The question (exercise 7.10.4) is as follows:
The group $G = \langle x, y; xyx^{-1}y^{-1}\rangle$ is called a free abelian group. Prove that if $u, v$ are elements of an abelian group $A$, then there is a unique homomorphism $\phi:G\to A$ such that $\phi(x)=u, \phi(y)=v$.
So at first I thought that this was pretty straightforward. If $u,v$ are elements of an abelian group $A$ then they clearly satisfy the relation $uvu^{-1}v^{-1}=1$ and so if we let $S=\{u,v\}, R=\{uvu^{-1}v^{-1}\}$, $\mathcal{F}$ the free group on $S$, and $\mathcal{R}$ to be the normal subgroup of $\mathcal{F}$ generated by $R$, and finally $\mathcal{A} = \mathcal{F}/\mathcal{R}$, then we have a homomorphism $\phi:\mathcal{A}\to A$ that sends $u,v$ to $u,v$ (I believe this is just a direct application of corollary 7.10.4 from Artin).
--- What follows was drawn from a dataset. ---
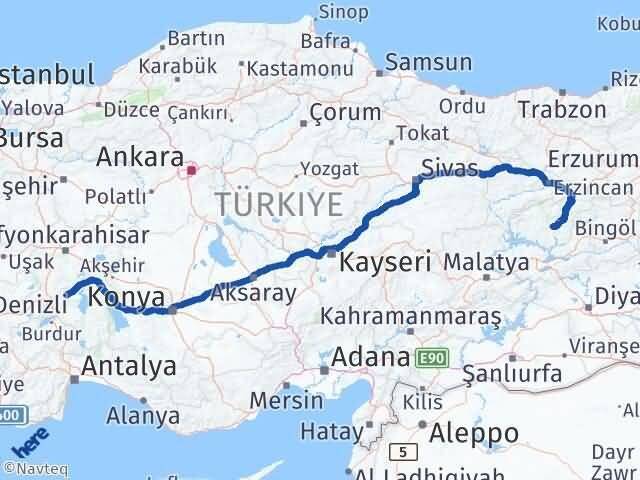 Isparta Senirkent Tunceli Arası Kaç Km - Yol Haritası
And $\mathcal{A}$ and $G$ are the same group, so we're done.
But, the solution here seems to do a lot of extra work that I don't understand the need for.
Thanks!
Best Answer
Consider the mapping $\varphi : \{x,y\} \to A$ such that $x \mapsto u$ and $y \mapsto v$. Then by the universal property of the free group there is a group homomorphism $\widetilde\varphi : F(\{x,y\}) \to A$ that extends $\varphi$. Now, as $A$ is abelian, $$\widetilde\varphi(xyx^{-1}y^{-1}) = uvu^{-1}v^{-1} = 1$$ meaning that $xyx^{-1}y^{-1} \in \ker \widetilde\varphi$, and then $\ker \widetilde\varphi$ contains the normal subgroup $N$ generated by $xyx^{-1}y^{-1}$. In fact, $N = \ker \widetilde\varphi$ (this is the lot of extra work), and then $\phi : G \to A$ is exactly ($G=F(\{x,y\})/N$) the induced map $F(\{x,y\})/N \to A$ of $\widetilde\varphi$, that is, the one that satisfies that $\phi \circ \pi = \widetilde\varphi$, where $\pi : F(\{x,y\}) \to F(\{x,y\})/N$ is the canonical projection.